無理しないハースストーン

無理しないハースストーン

ハースストーンやらなくなったなー

ヒロイック喧嘩について

少し前の話だが、ハースストーンに【ヒロイック喧嘩】というやつが実装された。

 

簡単に言うと、自分の組んだデッキで戦う闘技場である。

自分で組んだデッキを使わなければいけないので、必然カード資産の多いベテランユーザーが有利になる。それ以前に、入場料が1200円もしくは1000ゴールドなので軽い気持ちでは参加できないコンテンツである。

しかし、その分報酬は破格で、12勝すれば50パックにゴールデンレジェンドが3枚も付いてくるし、入場料以上の1100ゴールドがもらえる。期待値がプラスになるのは5勝3敗から。実現するためには、勝率62.5%を叩き出さなければいけない。
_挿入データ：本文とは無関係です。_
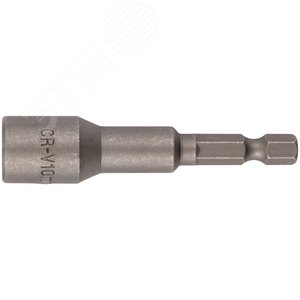 Насадка для шурупов и болтов с 6-грголовкой Профи d=10 мм, L=65 мм - фото 1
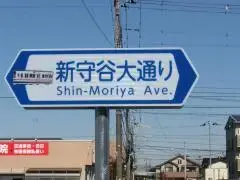 写真：新守谷大通りの看板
つまり、腕に自信のあるやつだけ来い。強い奴にはいいもんやるぞ。という非常に射幸性の強い遊びだ。

 

でね。

こんな波の荒さなもんだから、どっちかって言うと否の方が多いわけよ(個人の感想です)。通常の酒場の喧嘩を飛ばしてこの【ヒロイック喧嘩】を実施したのもあって、完全に初心者お断り、むしろ中級者もお断り。上級者でも二の足を踏むレベル。

なんでこんなの実装したのかなー。って考えて、思い当たることがあったのでここに記すものとする次第である。

 

結論から言うと、【ヒロイック喧嘩】の目的は『上級者の余剰リソースを減らすため』で間違いない。
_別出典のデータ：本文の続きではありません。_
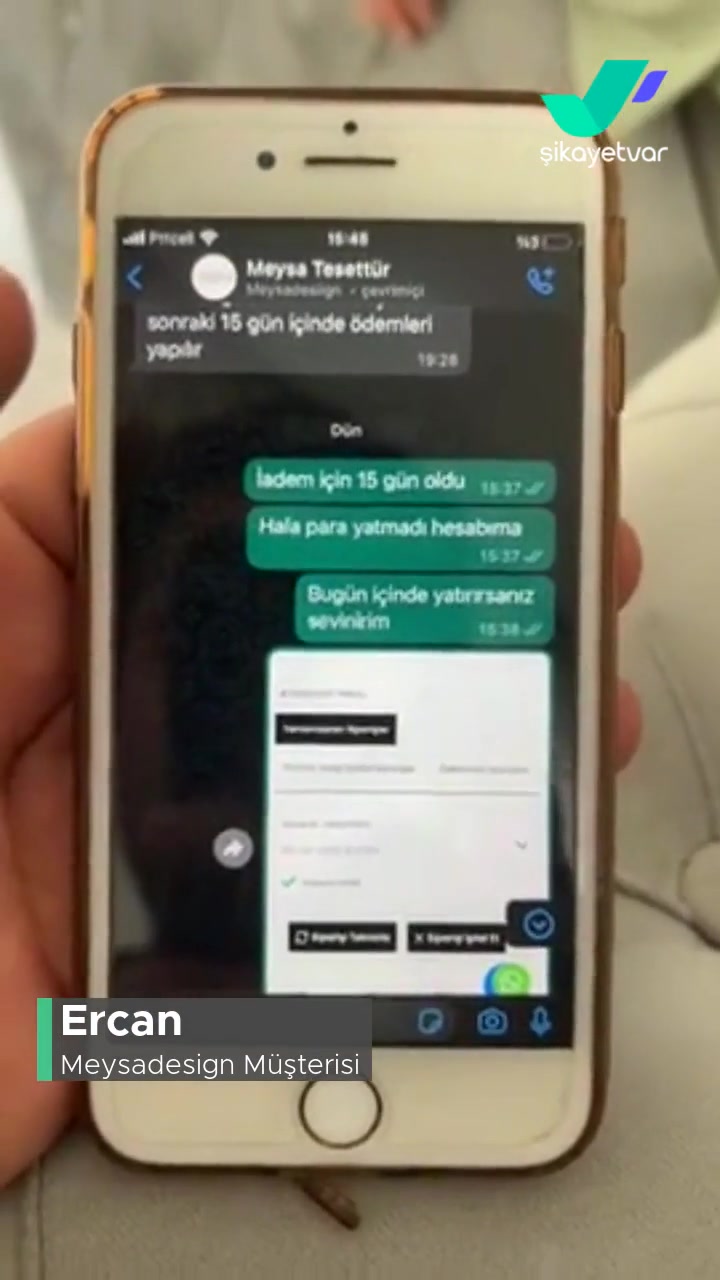 Meysadesign İade Sorunu videonun kapak resmi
この手のゲームって、課金しない人も遊べるように、毎日少しずつ時間を使っていればそこそこ遊べるようになっている。そうしないと、お金使わない人が意欲をなくしてしまい、ユーザー数が減るからだ。

あれ、課金する人だけ残ればいいんじゃないの?

と思われるかもしれないが、それでは実ユーザー数がものすごく少なくなってしまうので、潜在的なユーザーへの広がりが鈍くなってしまう。ユーザー数を多く保つことで、そこからの広がり(例えば『友達を誘う』などのゲーム外部への動き)が活性化するため、新しいユーザーを獲得しやすくなる。その結果、課金ユーザーも増える。

ハースストーンの場合も、クエストを消化したり勝利を積み重ねることで、がんばれば一日150ゴールドは手に入れることができる。例えば年間300日稼働したとして、一年で45000ゴールドが手に入る。
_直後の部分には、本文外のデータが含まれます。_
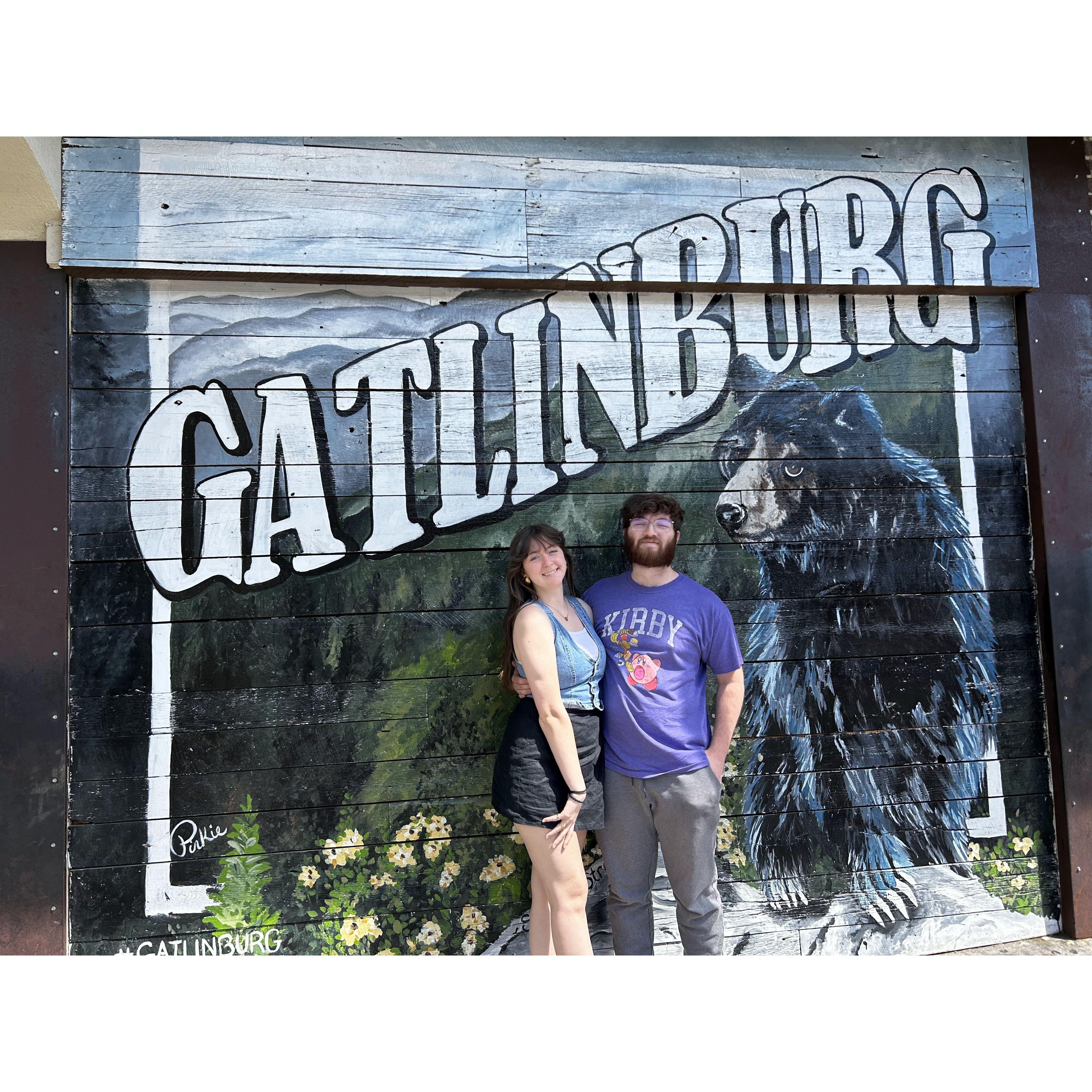 A picture from our first "out-of-state" trip together!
現在、ハースストーンの年間スケジュールは『拡張*2』と『アドベンチャー*1』なので、アドベンチャー分の2800ゴールドを引いて42200ゴールドをパックで使用できることになる。

つまり、一拡張につき21100ゴールド。211パック。

 

うん、これで十分じゃね?

しかも、ある程度課金しているユーザーなら、これよりさらに多くのパックを手に入れることができるのだ。必然的に『ゴールドは余る』。

で、余ったらどうするか。普通の人なら、ある程度のところでパックを引くのをやめて『次の拡張のためにとっておく』だろう。そうしている間にも、日々ゴールドは溜まっていく。つまり、あるユーザー層では『ゴールドの消費より収入が上回った状態』になっていると予想される。

こうなると、課金する意味がなくなる。日々の収入さえちゃんとこなせば、拡張がリリースされても無くならないくらい、ゴールドはあるのだ。課金なんてしないだろう。

 

というわけで、この状態を解消するために【ヒロイック喧嘩】は実装されたと見て間違いないだろう。それを裏付ける理由は他にもある。

 

・ターゲットが上級者

前述の通り、明らかに上級者を狙った仕様は、『ゴールドが余っている層から減らしたい』という意図を感じる

 

・報酬にゴールデンレジェンドがある

基本的にゴールデンレジェンドは、自分でわざわざ作らない。つまり、カードリストがほぼ埋まっているユーザーでも、持っていないカードが多い。よって、それを報酬として出すことで、最上位のユーザーでさえもゴールドを消費してくれる可能性が高まる。

 

・【仁義なきガジェッツァン】のリリース2週間前

おそらくこれが一番大きい。新拡張のリリース直前にこういったギャンブル仕様を出すことで、【ガジェッツァン】で消費されるゴールドをお金にしたいという強い気持ちが感じられる。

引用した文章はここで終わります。